Exercise objective =>
Working from the top of the records below, reproduce each line exactly, ending once you have written the line containing "New 2026 White Hyundai SE AWD image 10".
□ □ □
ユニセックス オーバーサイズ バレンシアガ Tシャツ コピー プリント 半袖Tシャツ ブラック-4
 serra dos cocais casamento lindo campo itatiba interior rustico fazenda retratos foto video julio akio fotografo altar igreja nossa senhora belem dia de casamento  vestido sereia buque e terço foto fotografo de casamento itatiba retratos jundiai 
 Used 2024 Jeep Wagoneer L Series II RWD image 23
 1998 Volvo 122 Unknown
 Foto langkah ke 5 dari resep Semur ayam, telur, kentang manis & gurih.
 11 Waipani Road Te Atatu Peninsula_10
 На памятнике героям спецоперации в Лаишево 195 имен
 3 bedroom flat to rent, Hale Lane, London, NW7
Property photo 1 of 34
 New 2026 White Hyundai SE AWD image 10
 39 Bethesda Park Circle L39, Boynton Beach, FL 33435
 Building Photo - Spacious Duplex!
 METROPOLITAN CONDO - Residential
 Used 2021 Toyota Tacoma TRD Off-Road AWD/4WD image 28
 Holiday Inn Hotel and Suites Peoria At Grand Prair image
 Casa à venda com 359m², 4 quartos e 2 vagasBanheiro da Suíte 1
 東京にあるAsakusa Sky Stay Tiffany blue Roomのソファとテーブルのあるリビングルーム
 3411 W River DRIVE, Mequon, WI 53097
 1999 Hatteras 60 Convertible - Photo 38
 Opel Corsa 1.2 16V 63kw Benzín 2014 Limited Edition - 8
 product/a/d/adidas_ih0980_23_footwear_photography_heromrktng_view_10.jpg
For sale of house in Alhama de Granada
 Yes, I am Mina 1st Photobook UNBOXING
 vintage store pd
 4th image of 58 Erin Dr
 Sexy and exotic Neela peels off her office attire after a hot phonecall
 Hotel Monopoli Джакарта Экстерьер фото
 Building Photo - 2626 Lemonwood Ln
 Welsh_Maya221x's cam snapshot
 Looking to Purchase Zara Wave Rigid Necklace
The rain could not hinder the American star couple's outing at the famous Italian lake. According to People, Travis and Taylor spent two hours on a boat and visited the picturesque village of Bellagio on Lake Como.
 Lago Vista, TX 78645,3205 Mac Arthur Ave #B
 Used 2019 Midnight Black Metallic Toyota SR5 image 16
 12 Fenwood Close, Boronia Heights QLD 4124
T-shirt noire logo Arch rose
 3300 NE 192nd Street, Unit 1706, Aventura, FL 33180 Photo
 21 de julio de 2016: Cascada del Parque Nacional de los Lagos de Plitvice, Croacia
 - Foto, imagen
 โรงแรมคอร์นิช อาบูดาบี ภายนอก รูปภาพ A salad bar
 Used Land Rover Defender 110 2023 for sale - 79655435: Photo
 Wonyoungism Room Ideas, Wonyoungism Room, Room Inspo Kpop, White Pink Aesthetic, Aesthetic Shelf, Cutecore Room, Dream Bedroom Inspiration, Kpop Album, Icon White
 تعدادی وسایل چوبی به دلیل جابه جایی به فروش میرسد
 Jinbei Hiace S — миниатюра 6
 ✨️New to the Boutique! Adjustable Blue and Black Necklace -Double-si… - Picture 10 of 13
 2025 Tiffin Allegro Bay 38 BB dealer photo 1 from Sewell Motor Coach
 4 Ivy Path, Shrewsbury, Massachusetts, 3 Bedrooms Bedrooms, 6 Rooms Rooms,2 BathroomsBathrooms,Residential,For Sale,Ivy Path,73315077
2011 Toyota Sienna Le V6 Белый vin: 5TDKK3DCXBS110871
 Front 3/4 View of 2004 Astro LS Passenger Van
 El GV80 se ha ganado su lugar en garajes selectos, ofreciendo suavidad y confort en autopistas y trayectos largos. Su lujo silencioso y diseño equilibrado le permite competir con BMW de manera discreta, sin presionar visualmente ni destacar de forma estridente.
□ □ □
Reply =>
ユニセックス オーバーサイズ バレンシアガ Tシャツ コピー プリント 半袖Tシャツ ブラック-4
 serra dos cocais casamento lindo campo itatiba interior rustico fazenda retratos foto video julio akio fotografo altar igreja nossa senhora belem dia de casamento  vestido sereia buque e terço foto fotografo de casamento itatiba retratos jundiai 
 Used 2024 Jeep Wagoneer L Series II RWD image 23
 1998 Volvo 122 Unknown
 Foto langkah ke 5 dari resep Semur ayam, telur, kentang manis & gurih.
 11 Waipani Road Te Atatu Peninsula_10
 На памятнике героям спецоперации в Лаишево 195 имен
 3 bedroom flat to rent, Hale Lane, London, NW7
Property photo 1 of 34
 New 2026 White Hyundai SE AWD image 10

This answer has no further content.